> **Supplied information**
● ● ●

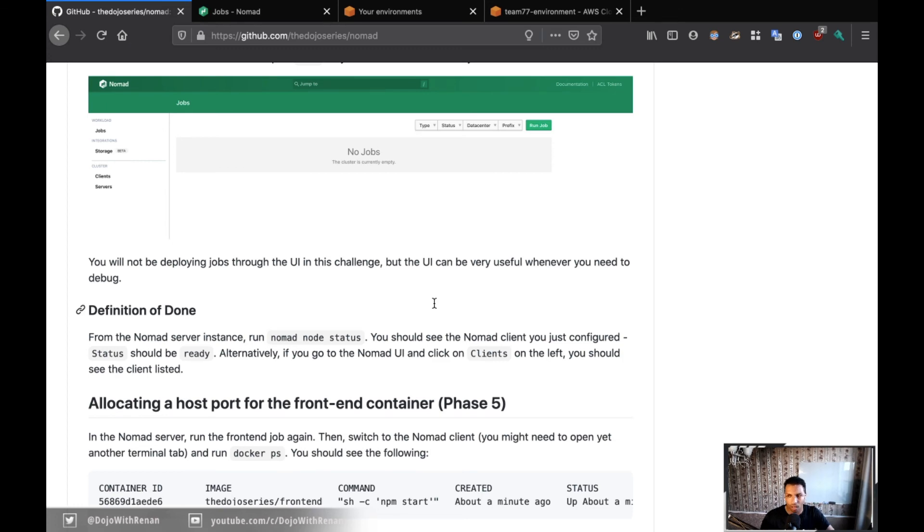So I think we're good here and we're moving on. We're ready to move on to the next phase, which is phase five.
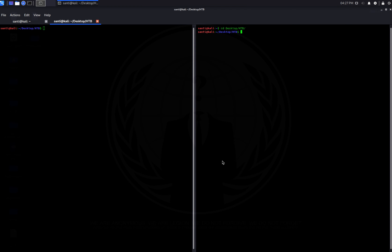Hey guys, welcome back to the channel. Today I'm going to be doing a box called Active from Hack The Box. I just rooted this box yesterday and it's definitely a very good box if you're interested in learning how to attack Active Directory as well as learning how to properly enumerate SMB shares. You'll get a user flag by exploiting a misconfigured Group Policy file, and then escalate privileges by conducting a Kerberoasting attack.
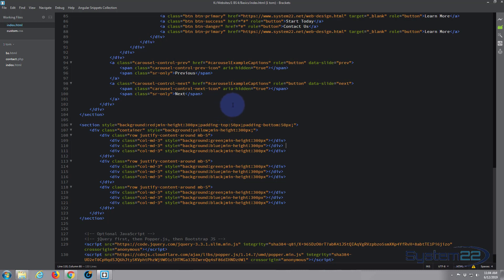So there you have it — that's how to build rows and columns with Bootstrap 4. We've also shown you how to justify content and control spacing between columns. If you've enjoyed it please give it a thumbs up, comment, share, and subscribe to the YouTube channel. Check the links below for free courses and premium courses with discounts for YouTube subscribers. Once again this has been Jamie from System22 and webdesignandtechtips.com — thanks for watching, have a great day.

● ● ●

> **Problem statement**
Any images must be left out; transcribe the rest of the material exactly.

> **Answer for the task**
So I think we're good here and we're moving on. We're ready to move on to the next phase, which is phase five.
Hey guys, welcome back to the channel. Today I'm going to be doing a box called Active from Hack The Box. I just rooted this box yesterday and it's definitely a very good box if you're interested in learning how to attack Active Directory as well as learning how to properly enumerate SMB shares. You'll get a user flag by exploiting a misconfigured Group Policy file, and then escalate privileges by conducting a Kerberoasting attack.
So there you have it — that's how to build rows and columns with Bootstrap 4. We've also shown you how to justify content and control spacing between columns. If you've enjoyed it please give it a thumbs up, comment, share, and subscribe to the YouTube channel. Check the links below for free courses and premium courses with discounts for YouTube subscribers. Once again this has been Jamie from System22 and webdesignandtechtips.com — thanks for watching, have a great day.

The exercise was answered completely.